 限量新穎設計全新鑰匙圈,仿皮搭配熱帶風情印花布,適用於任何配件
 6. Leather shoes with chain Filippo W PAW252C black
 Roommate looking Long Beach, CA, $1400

• • • • • • •

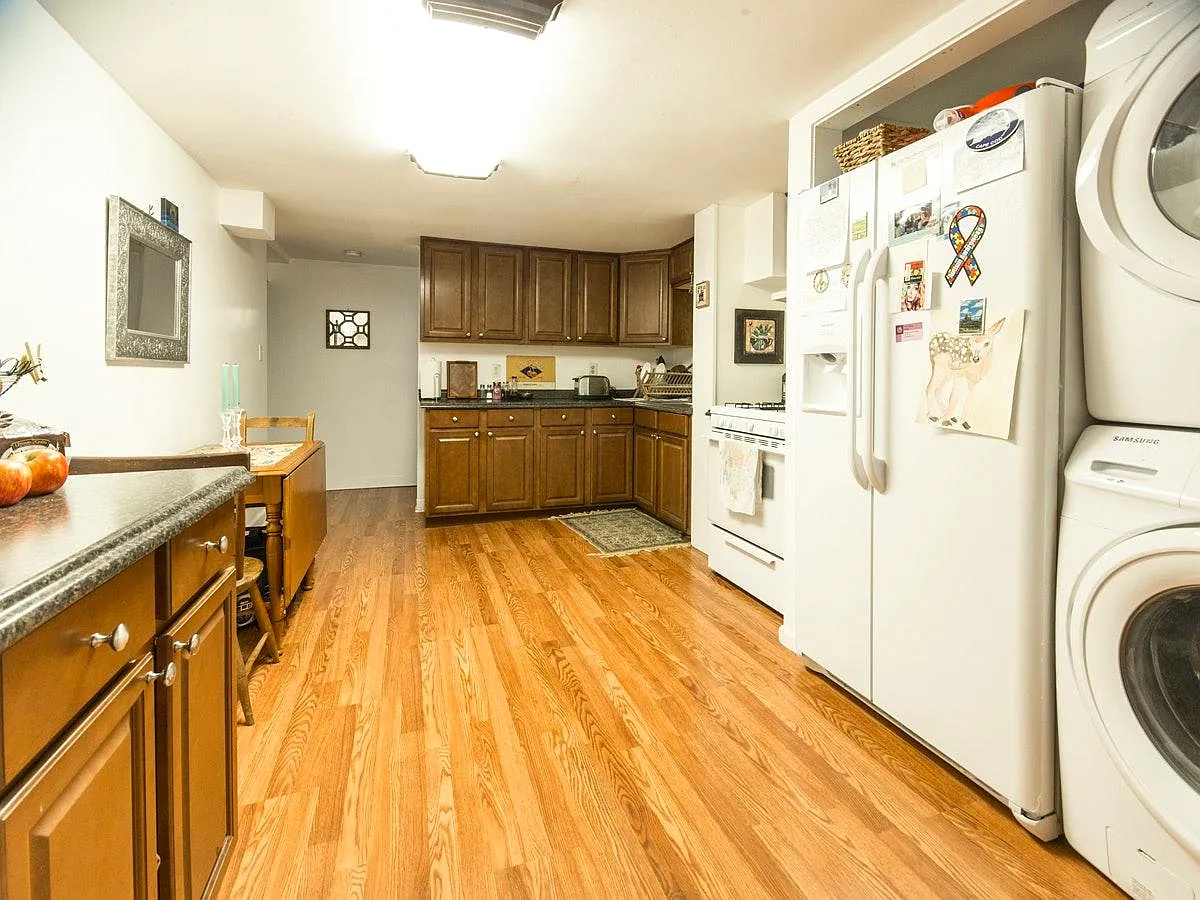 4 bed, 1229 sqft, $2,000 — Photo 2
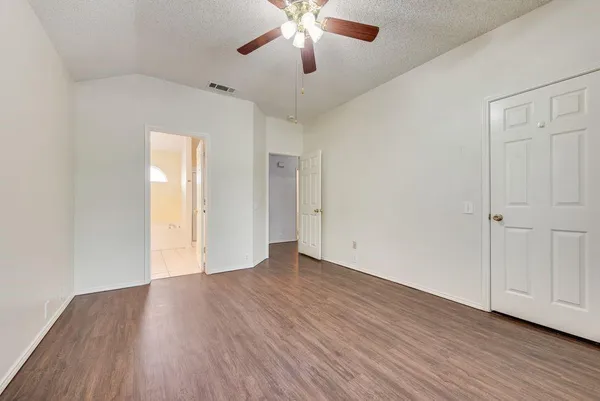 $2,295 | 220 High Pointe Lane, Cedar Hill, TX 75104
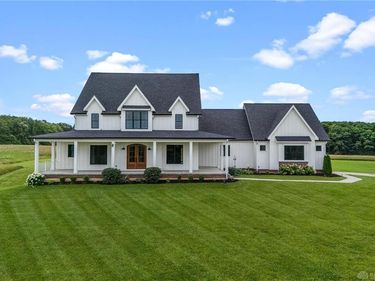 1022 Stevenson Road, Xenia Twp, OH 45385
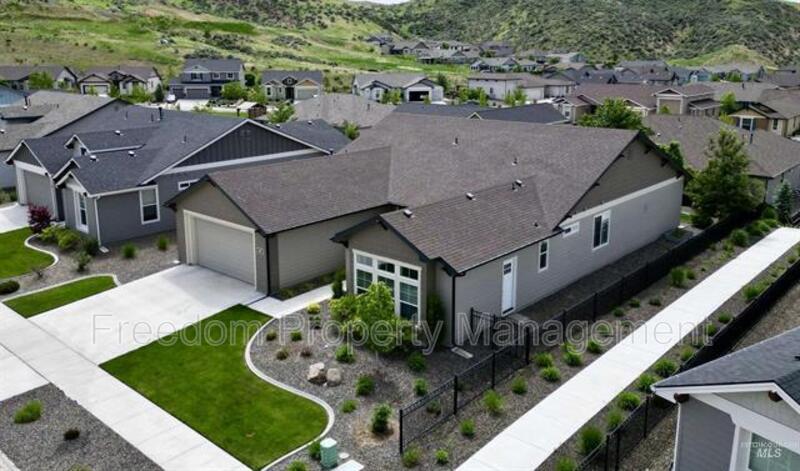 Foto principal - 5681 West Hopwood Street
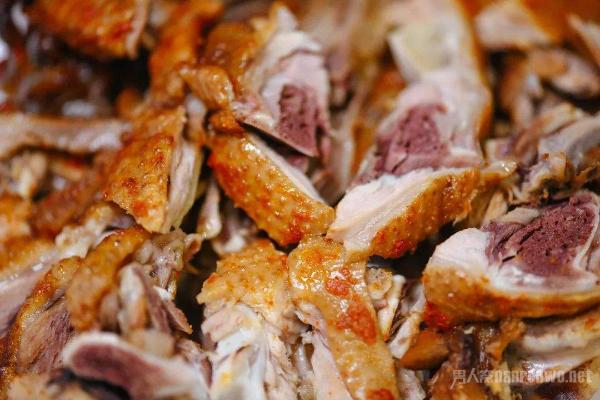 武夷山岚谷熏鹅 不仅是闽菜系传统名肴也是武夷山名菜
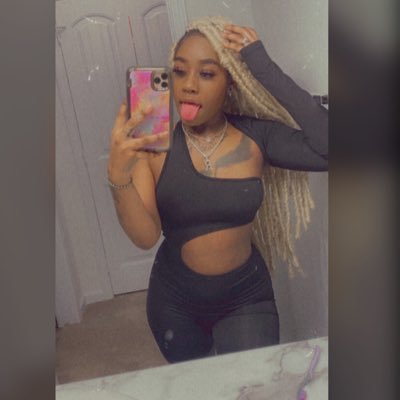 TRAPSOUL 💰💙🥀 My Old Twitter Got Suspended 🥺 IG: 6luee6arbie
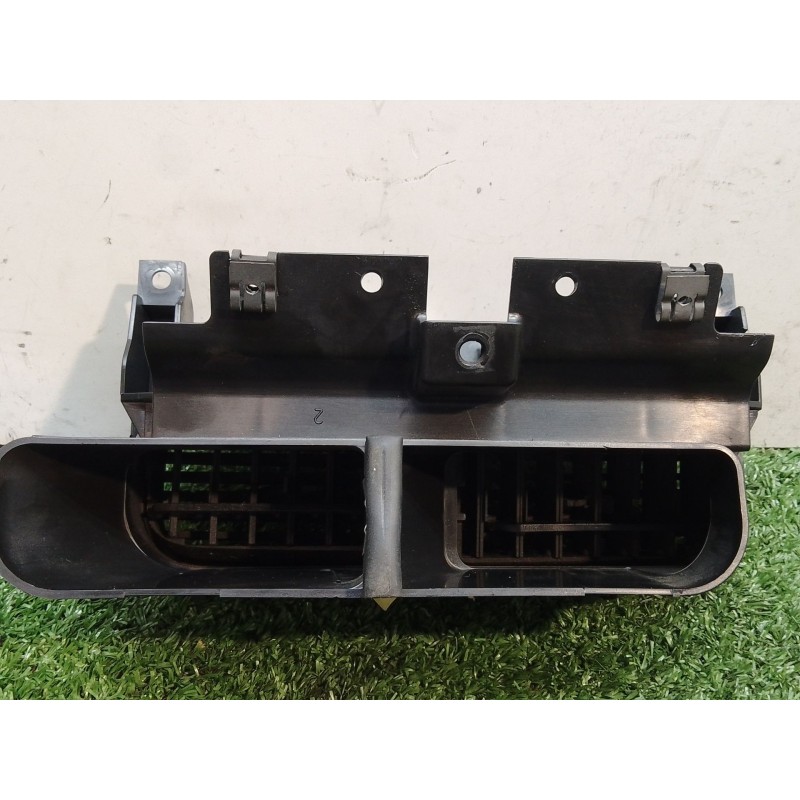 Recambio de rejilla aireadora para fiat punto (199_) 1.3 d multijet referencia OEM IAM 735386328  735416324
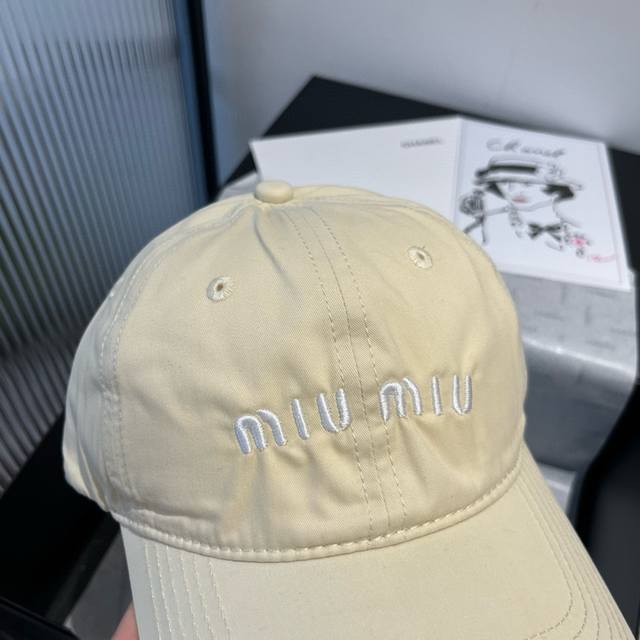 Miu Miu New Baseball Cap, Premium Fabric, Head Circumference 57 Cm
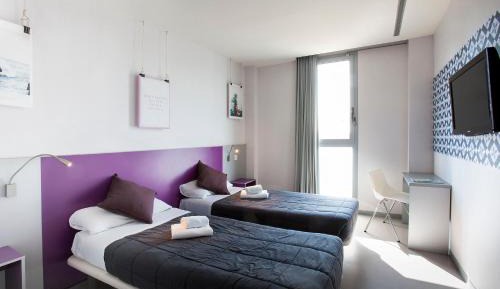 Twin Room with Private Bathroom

• • • • • • •

▸ Work to be completed: Of the lines above, quote exactly those from the one with "Foto principal - 5681 West Hopwood Street" through the one with "Recambio de rejilla", ends included; pictures stay out.

▸ Response:
 Foto principal - 5681 West Hopwood Street
 武夷山岚谷熏鹅 不仅是闽菜系传统名肴也是武夷山名菜
 TRAPSOUL 💰💙🥀 My Old Twitter Got Suspended 🥺 IG: 6luee6arbie
 Recambio de rejilla aireadora para fiat punto (199_) 1.3 d multijet referencia OEM IAM 735386328  735416324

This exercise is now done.